NASA Catches Tropical Cyclone Ava’s Landfall on Madagascar’s Coast
NASA-NOAA’s Suomi NPP satellite passed over Tropical Cyclone Ava as it made landfall along the coast of northeastern Madagascar.
On Jan. 5 at 5:24 a.m. EST (1024 UTC) the Visible Infrared Imaging Radiometer Suite (VIIRS) instrument aboard NASA-NOAA's Suomi NPP satellite showed the eye of Ava over the northeastern coast near Mahavelona. Mahavelona is a town located in the district of Toamasina II, in the region of Atsinanana. The eye is about 10 nautical miles wide on satellite imagery.
On Jan. 5 at 10 a.m. EST (1500 UTC) Ava had strengthened into a hurricane with maximum sustained winds had increased to 90 knots (103 mph/166 kph). The center of circulation was located near 18.4 degrees south latitude and 49.2 degrees east longitude. That’s located approximately 361 nm west-northwest of St Denis, Reunion Island. Ava was moving west-southwestward at 6 knots (7 mph/11 kph).
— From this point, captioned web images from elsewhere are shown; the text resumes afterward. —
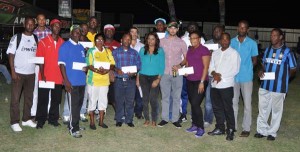 Ansa McAl PRO Ms. Darshanie Yussuf (centre front row) poses with representatives of the clubs after handing over the cheques at the #5 ground. Also in pic is Stag Beer Brand Manager John Maikoo who is at left of Yussuf.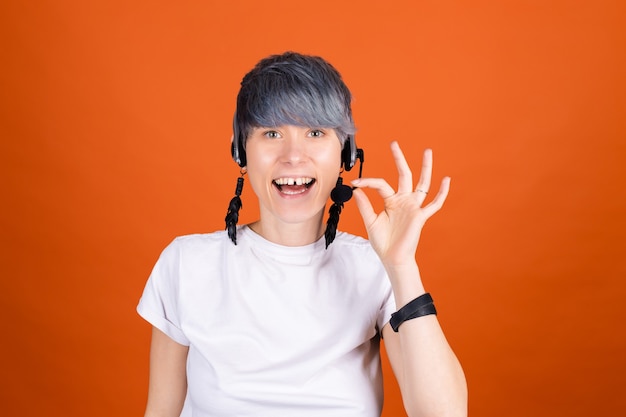 Callcenterassistent met koptelefoon op oranje muur ziet er gelukkig en positief uit met een zelfverzekerde glimlach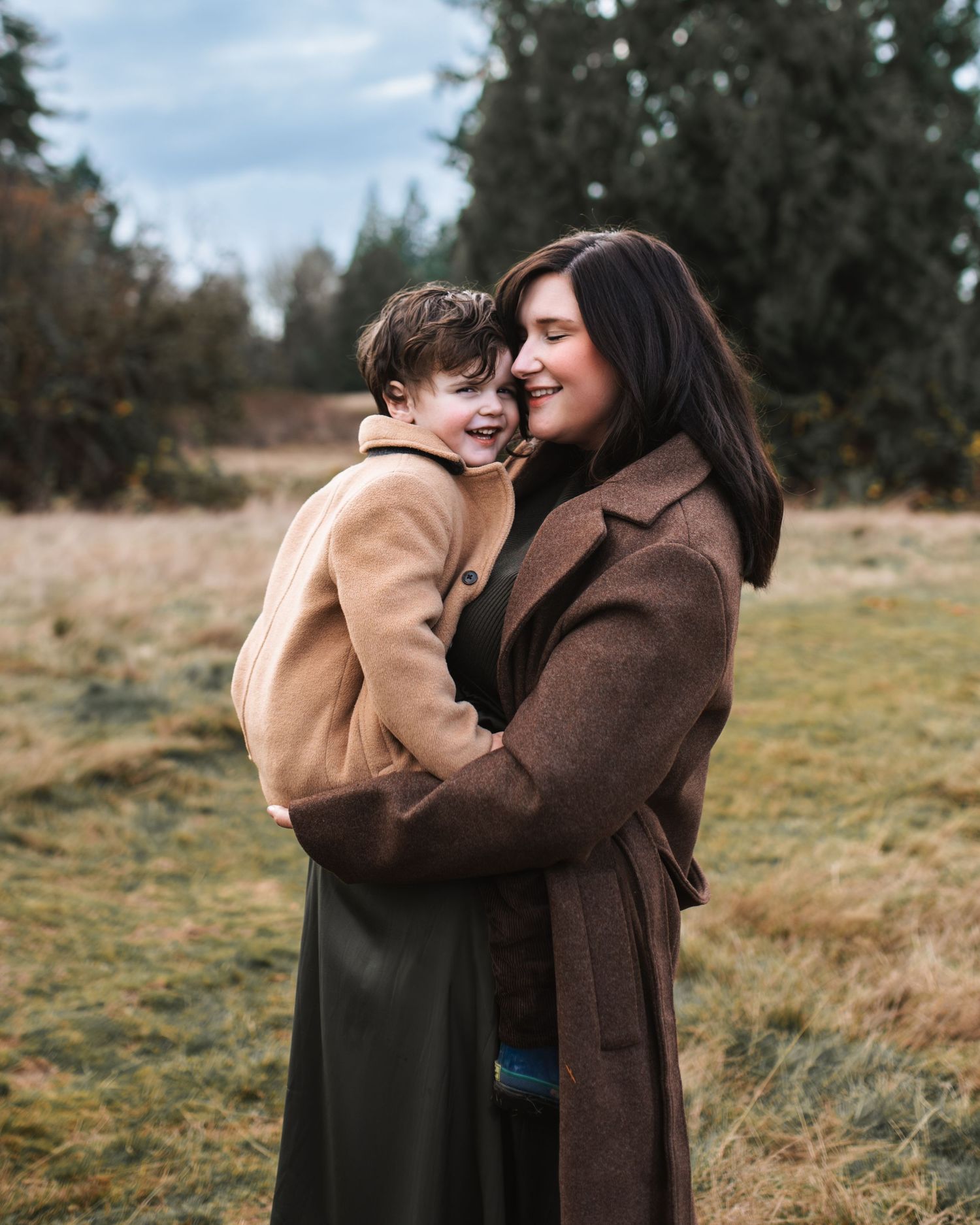 toddler boy snuggles into pregnant mom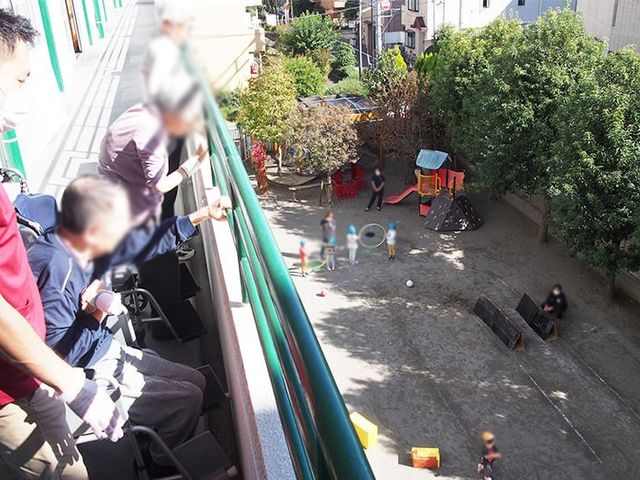 見下ろす中庭の様子 中庭 車椅子に座った方が、陽射しを感じながら中庭の様子を見ています。リラックスできる時間を提供します。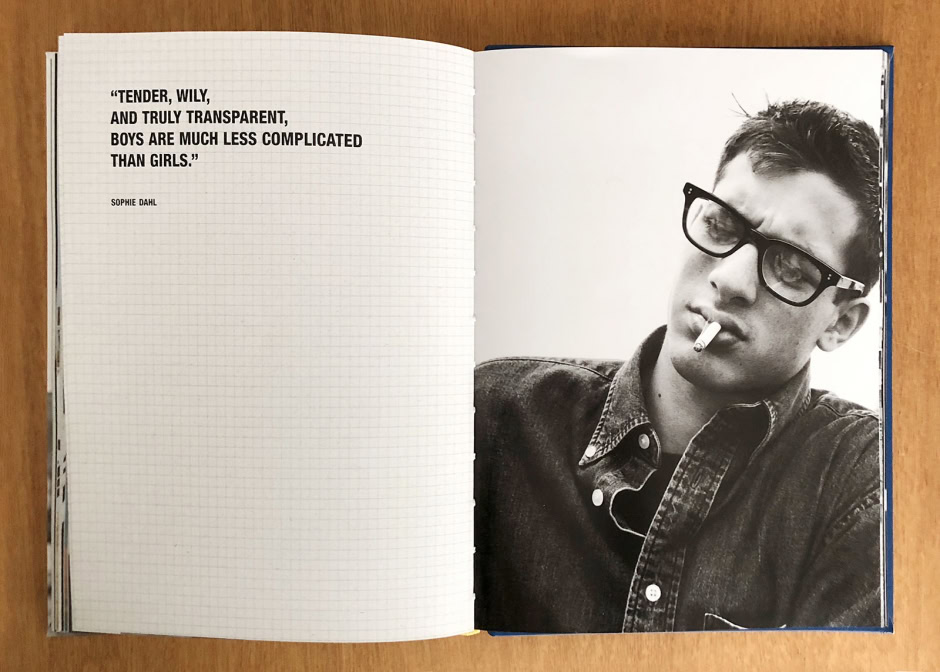 Black and white portrait of a young man wearing sunglasses and a denim jacket with a cigarette in his mouth, captured in a candid, high-contrast photography style by Pamela Hanson Photography.
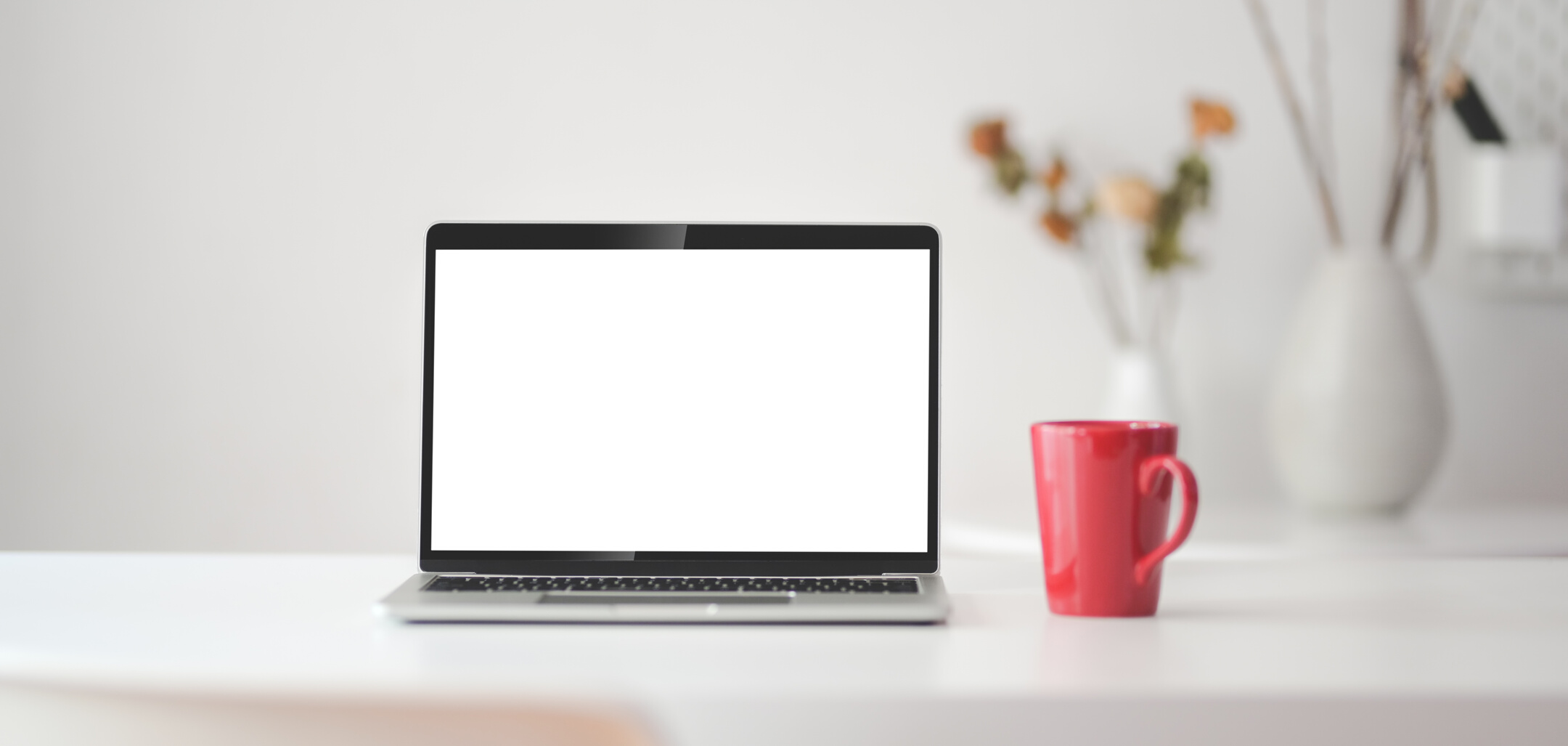 Black and Silver Laptop Computer Beside Red Cup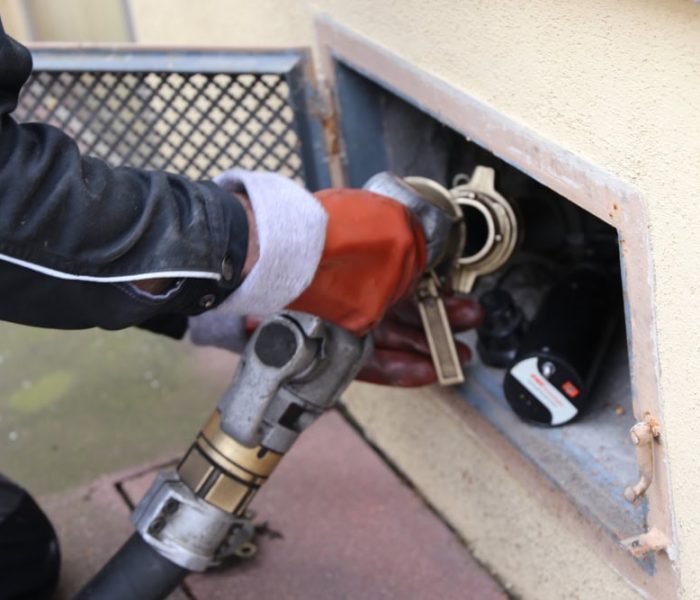 A heating oil delivery truck parked outside a home, with a worker connecting a hose to fill the home’s outdoor oil storage tank for the heating system.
The Joint Typhoon Warning Center (JTWC) noted Ava is forecast to track along the coastline of eastern Madagascar reemerging over open water in a day. ”Land interaction will weaken the system significantly to 65 knots (75 mph/120 kph), and with environmental conditions favorable this intensity should be maintained as Ava tracks southward over the Indian Ocean.”
Météo Madagascar, the national weather service for the country has issued red alerts and yellow alerts that cover a large area of the island's east coast.